Is Sir Roger Carr right that government must design an industrial strategy for UK growth?
YES
Ian Mulheirn
Sir Roger Carr is right to highlight the symbiotic relationship between government and the market economy. But developing an industrial policy to boost the UK’s competitive edge is difficult. What seems like the wave of the future can quickly become a damp squib. We also need to be clear on the ground rules, so that ministers can be held accountable for public money. Otherwise what’s to stop the business secretary backing firms for political gain? Instead, the most obvious place for an industrial policy to start is to build a world class infrastructure platform on which UK companies find it cheap and easy to do business. Boosting investment in transport, telecommunications and energy projects must therefore be the government’s priority. This agenda wasn’t helped by successive governments slashing capital spending to close the deficit. For the immediate and long-term health of the economy, it’s time those decisions were reversed.

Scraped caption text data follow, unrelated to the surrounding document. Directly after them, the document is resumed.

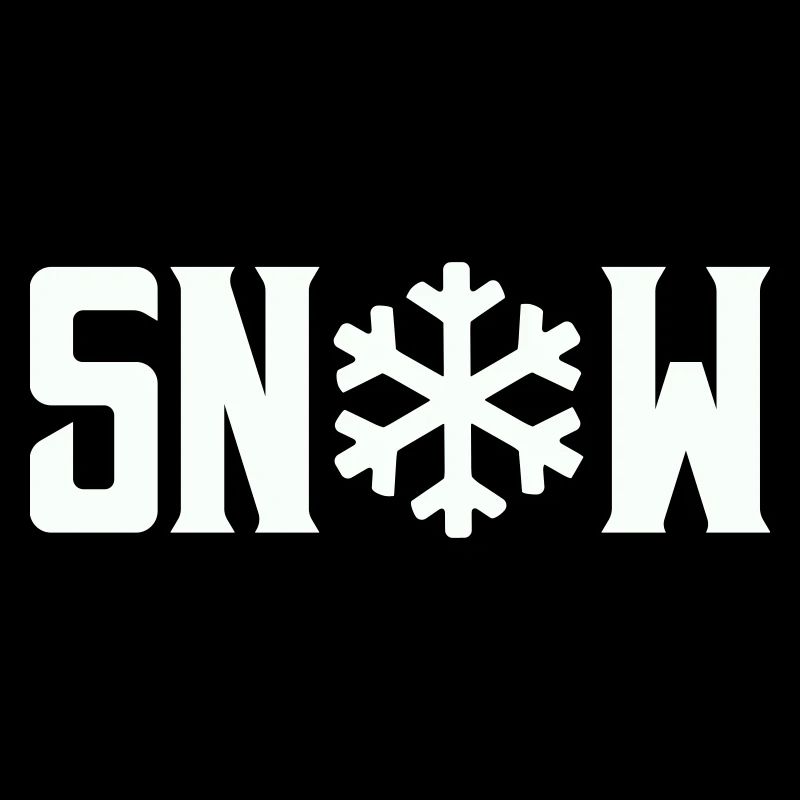Neige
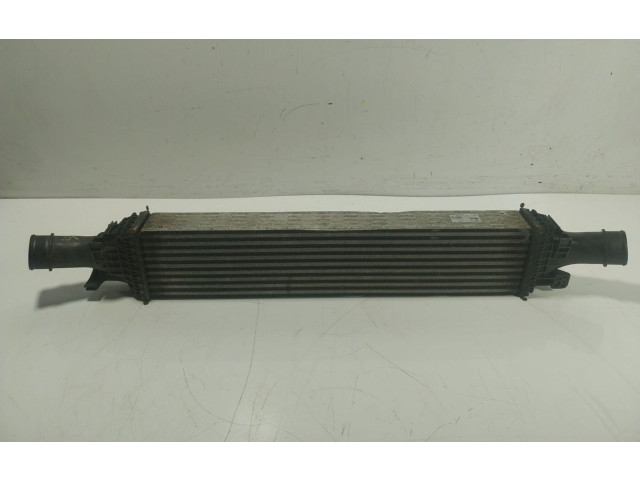 Интеркулер  8K0145805G, 8K0145805G   Audi Q5 SQ5 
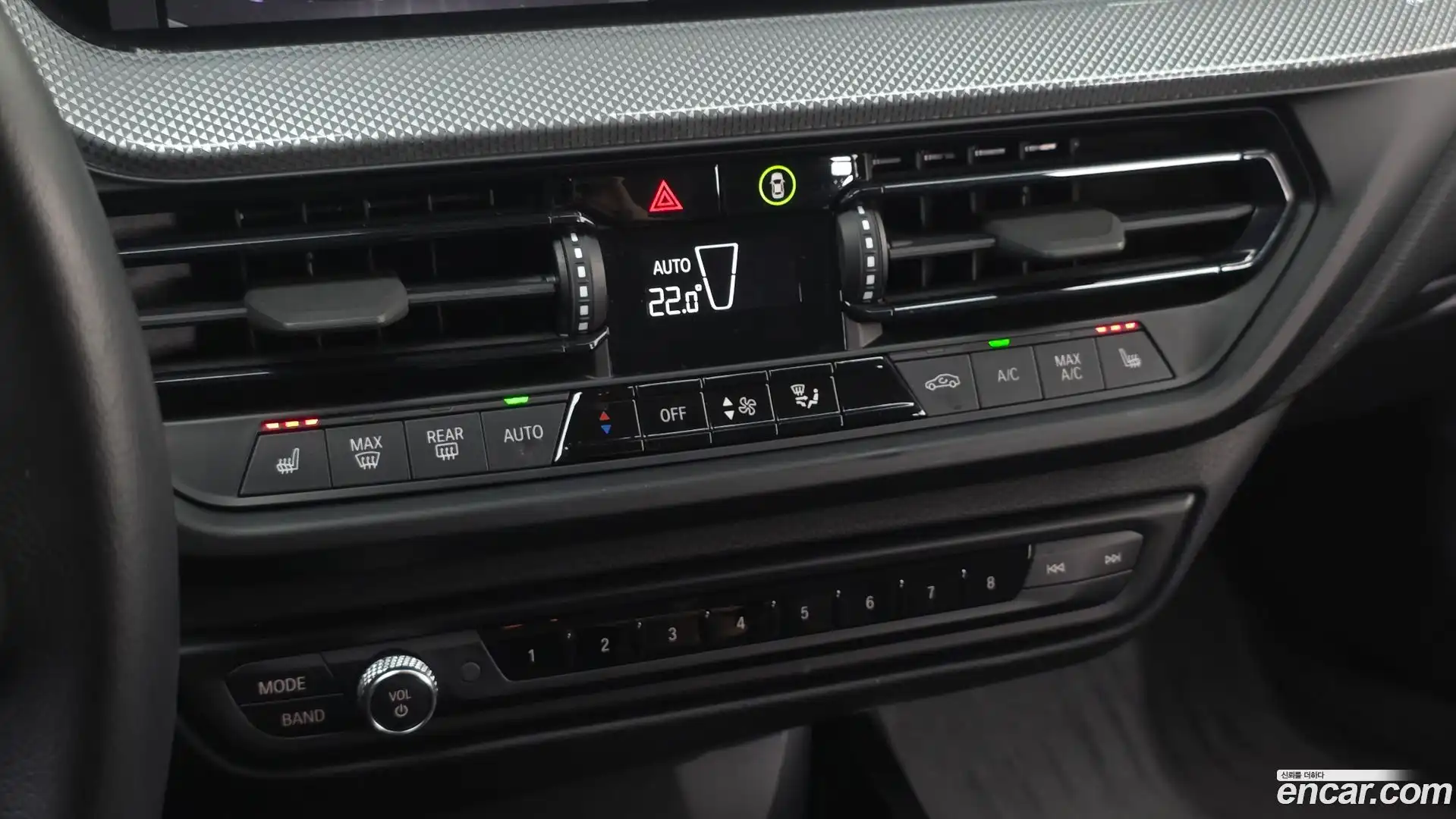 1-Series BMW 2022.3-OPTION-022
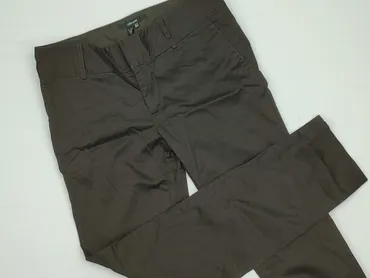 Zara, Spodnie materiałowe damskie, rozmiar M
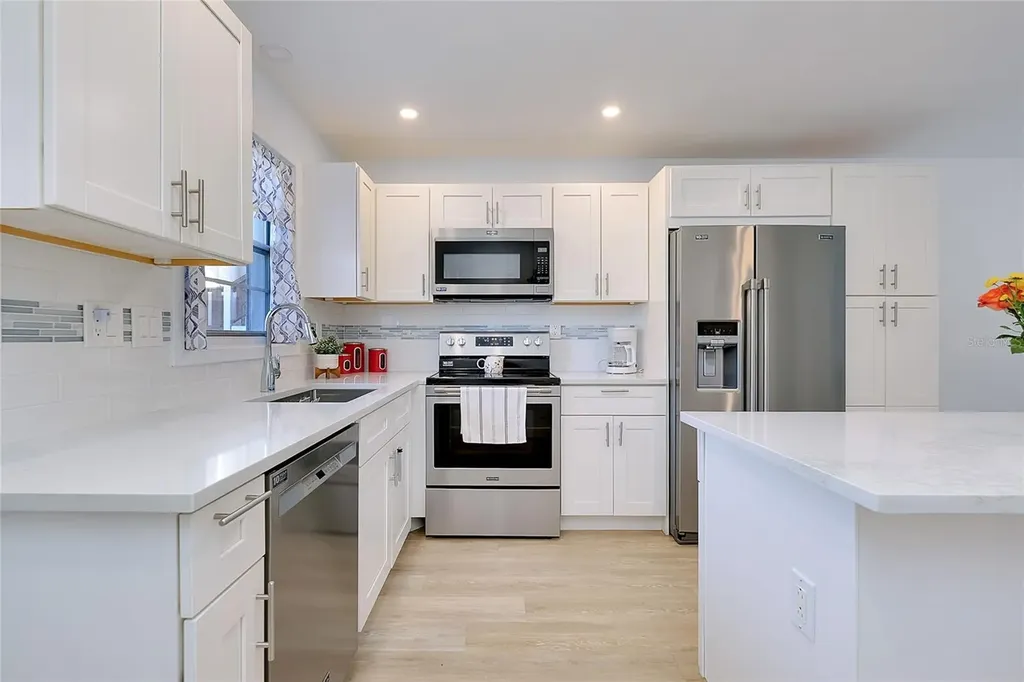 1 Quails Run Boulevard Englewood FL 34223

Ian Mulheirn is director of the Social Market Foundation.
NO
Kevin Dowd
Advocates of industrial policy are intellectually lazy. They must believe that the civil servants who design industrial policy are super-smart, super-humanly selfless and have access to dispersed information they cannot possibly have. They must believe that civil servants are able not just to beat the market, but beat the market by a margin sufficiently large to offset the costs of using taxpayer rather than voluntary funds. They must believe that the same civil servants can be counted on to withstand self-interested pressures brought to bear by the politicians they report to, and by the industrial interests who have captured the politicians. And they must be able to explain why we should try this course of action again, when we have never got it to work before. If the government wants to help business, it should stop meddling with it and acknowledge that corporatism doesn’t work.
Kevin Dowd is an economist and a partner at Cobden Partners.